Il explique quand on est acheteur régulier d'un fournisseur sur plusieurs années, on est en droit de lui demander d'utiliser la technique de l'offset. Une technique qui donne la chance à l'acheteur d'avoir des avantages sur le marché, là où il fait de grandes commandes. Soit placer ses produits, ou imposer un transfert technologique effectif dans son pays.

L'économiste a précisé que le ministère de la Défense a des commandes très importantes, le secteur des transports aussi a des commandes qui coûtent très cher, le ministère de l'Energie, lui, a des commandes presque régulières, Sonatrach achète massivement des équipements, pourquoi ne pas imposer cette technique aux fournisseurs. Et de souligner que la Chine a utilisé cette technique sur son principal fournisseur (les Etats-Unis) durant 20 ans, au point où les Etats-Unis ont arrêté cette technique après avoir constaté que la Chine la « dépouillait » en matière de transfert technologique.

«NOUS N'AVONS PAS DES OFFRES D'EXPORTATION»

L'industriel Salah-Eddine Abdessemed, vice-président du FCE, a affirmé qu'il est aujourd'hui difficile de parler de diversification de l'économie nationale, sans parler du climat des affaires et du cadre juridique.

Il a précisé que nous avons 8.500 entreprises et que nous avons une moyenne de 20 entreprises pour 1.000 habitants. Alors que chez nos voisins, la moyenne est de 50 entreprises pour 1.000 habitants. Dans la région du MENA, c'est autour de 100 entreprises pour 1.000 habitants.

Cette situation est le résultat, selon ses propos, du climat défavorable qui ne cesse de se renfermer et ce, depuis 2002. Plus de 60% des entreprises ont été créées avant cette date, a-t-il souligné. «Malheureusement, ce cadre législatif d'attractivité économique pour l'entreprise locale, également pour les IDE, s'est refermé au fur et à mesure avec des dispositifs plus contraignants, à la faveur de lois de finances complémentaires, des lois sectorielles», a-t-il ajouté. Poursuivant son réquisitoire, l'industriel a affirmé que même en termes d'exportation, le dispositif légal n'encourage pas l'exportateur. La preuve, un millier de produits exportables ont une durée de vie qui ne dépasse pas les 18 mois. C'est-à-dire, ces produits ne sont pas régulièrement exportables, pour des problèmes qui sont parfois liés au rapatriement des bénéfices par la Banque centrale.

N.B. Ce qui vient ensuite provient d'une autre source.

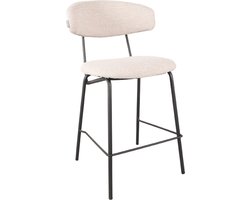 LABEL51 Zack Barkruk - Naturel - Stof - Laag - Kruk -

Le conférencier va plus loin, en affirmant que le dispositif d'exportation est inexistant. « Il n'y a pas d'assurance proprement dite et nous n'avons pas de banques qui accompagnent ces exportateurs. Une représentante du ministère de l'Agriculture réagit pour affirmer que nous n'avons pas malheureusement « des offres d'exportation ».